Es difícil no estar de acuerdo con estos juicios, por severos que sean, cuando muchos de nosotros exigimos una educación de calidad, una práctica sana del deporte, un teatro responsable, una literatura honesta, un circo comprometido, una música creativa y una programación televisiva menos ruin. ¿Debe estar el cine exento de estas responsabilidades?
Los veinteañeros fundadores de la revista Godard! se equivocaron en un punto, para beneplácito de sus lectores: la revista sobrevivió al malagüero destino que temían y ha cumplido su primera década. Vida lúcida y perseverante que les permite ahora comprobar que empieza a realizarse un cine más arriesgado y digno en el Perú. Que algunos de los cineastas consagrados han prolongado su decadencia hasta eclipsar y que ha surgido una nueva generación dispuesta a ofrecer un testimonio artístico, aunque austero, mientras la figura y la obra de Armado Robles Godoy esperan una oportunidad de reivindicación.

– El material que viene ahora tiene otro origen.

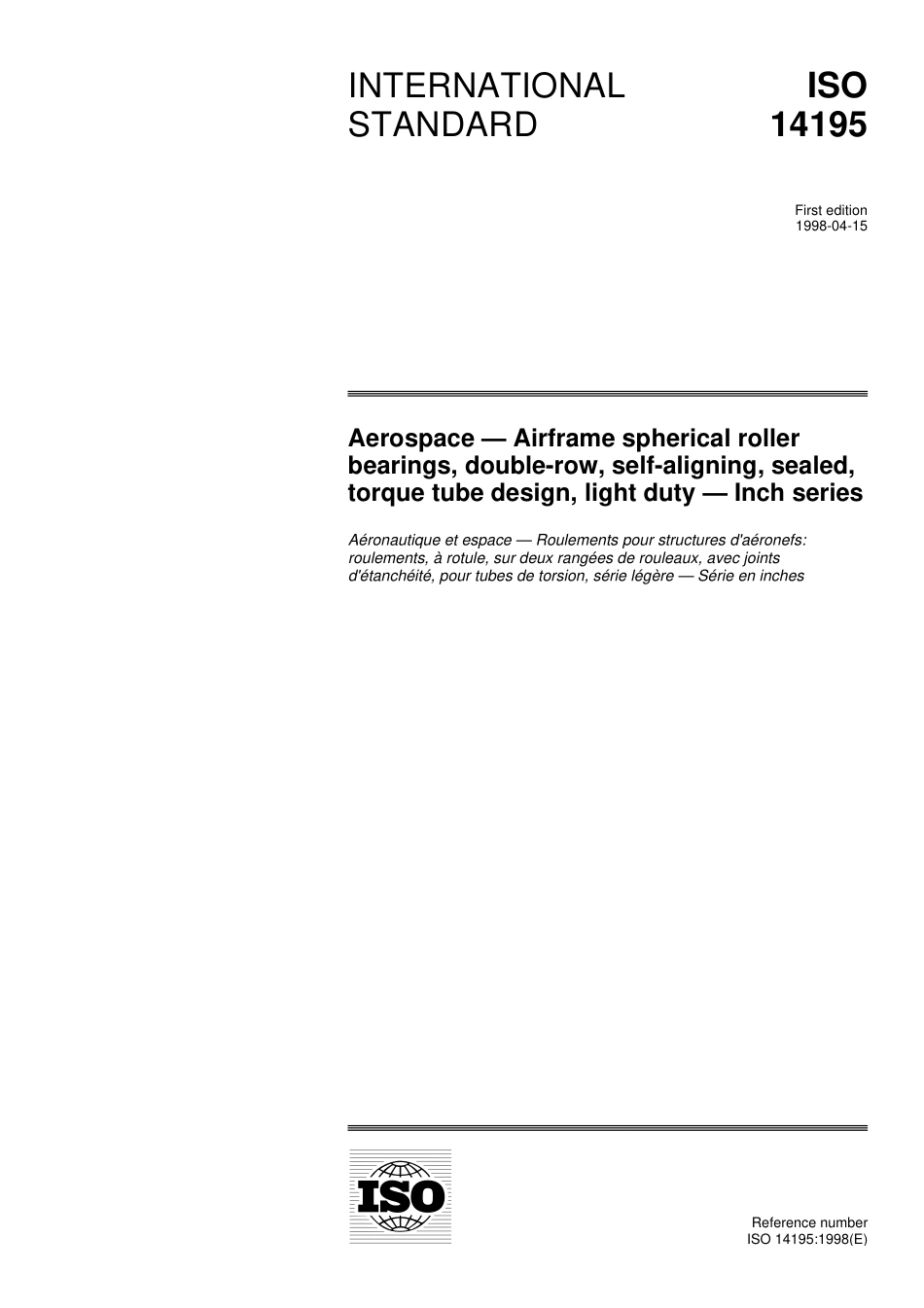 ISO 14195-1998.pdf_第1页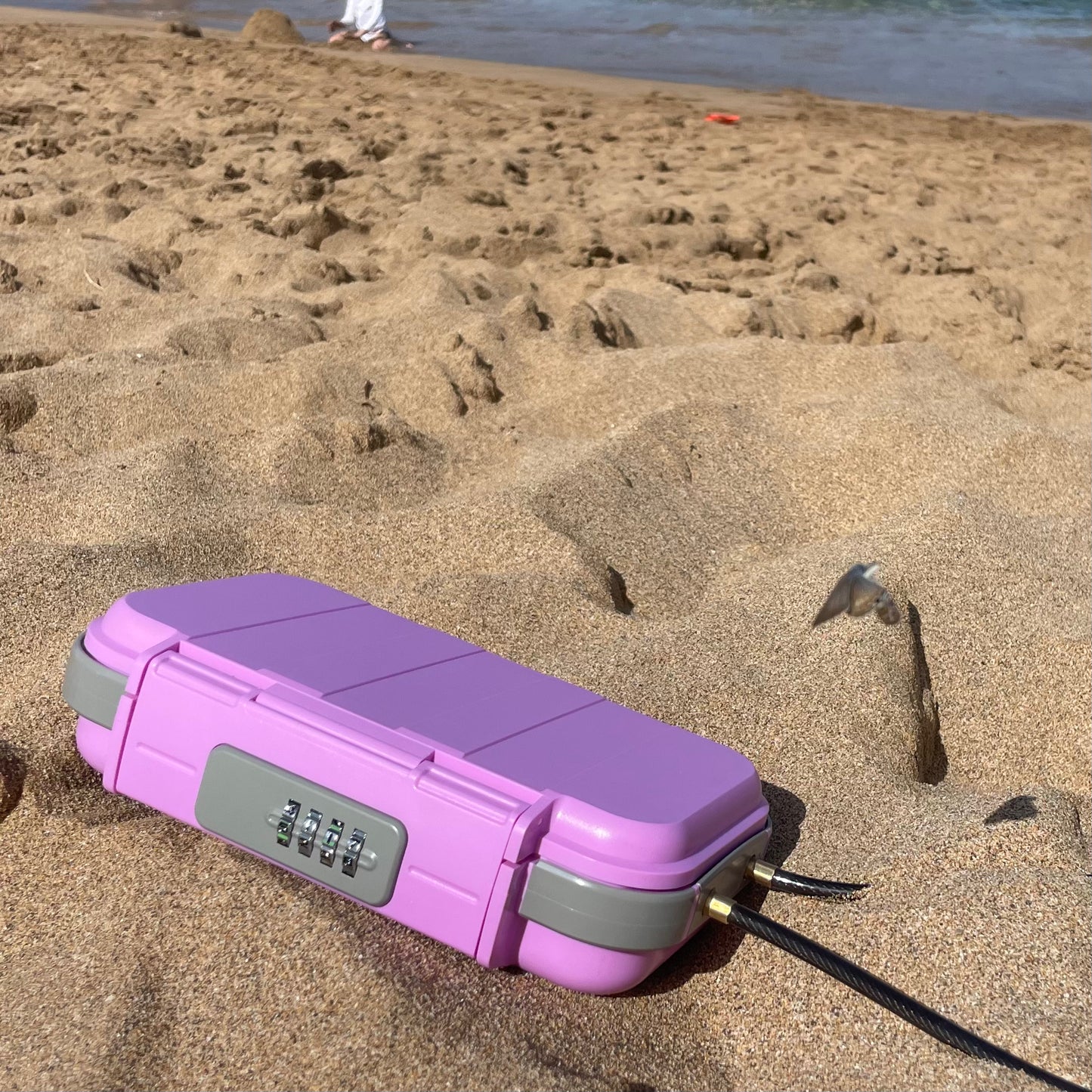 Beach vault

No exagero al sostener que este libro tan admirablemente pensado y escrito, con tantas virtudes, incita a recomponer muchos de los valores culturales y políticos del país. A mí me ha recordado que en este territorio no en vano han muerto setenta mil personas en la guerra interna y que el informe de la comisión de la verdad nos involucra hasta el hueso. Así se hacen las cosas: gracias, queridos amigos, nos han entregado un libro honesto y solidario; cuya lectura nos enriquece el espíritu y nos desvalija el bolsillo, porque correremos a adquirir muchas de las películas exaltadas en sus páginas.